## Data extract
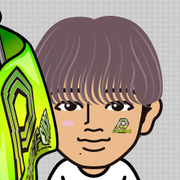 ���c����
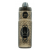 Бутилка за вода Peaty's x Fidlock Lockin Bottle Logo Smoke 600ml Бутилка за вода Peaty's x Fidlock Lockin Bottle Logo Smoke 600ml thumb
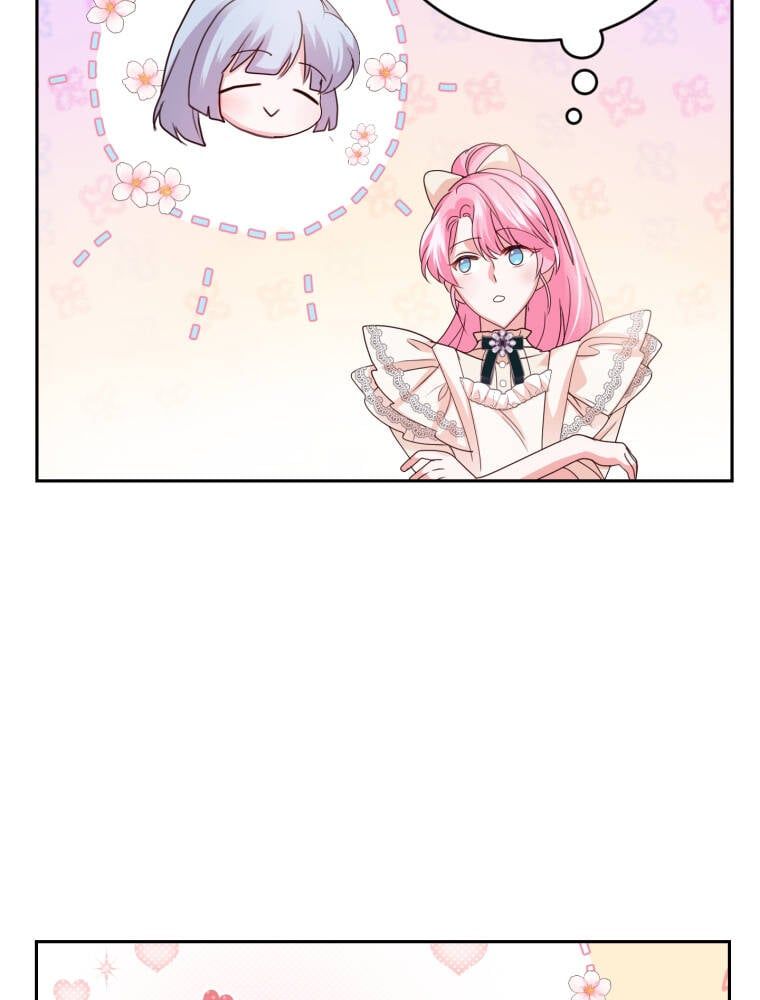 Trở Thành Người Pha Chế Nước Hoa Độc Nhất Của Bạo Chúa Chap 57 - Next Chap 56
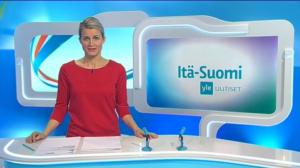 Yle Uutiset Itä-Suomi: Yle Uutiset Itä-Suomi 04-02-2016 Klo 17-06: 04.02.2016 16.26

## Exercise directions
Each line from the one with "Smoke 600ml thumb" to the last line of the listing should be returned exactly, both ends included, and no picture with them.

## Output for this task
 Бутилка за вода Peaty's x Fidlock Lockin Bottle Logo Smoke 600ml Бутилка за вода Peaty's x Fidlock Lockin Bottle Logo Smoke 600ml thumb
 Trở Thành Người Pha Chế Nước Hoa Độc Nhất Của Bạo Chúa Chap 57 - Next Chap 56
 Yle Uutiset Itä-Suomi: Yle Uutiset Itä-Suomi 04-02-2016 Klo 17-06: 04.02.2016 16.26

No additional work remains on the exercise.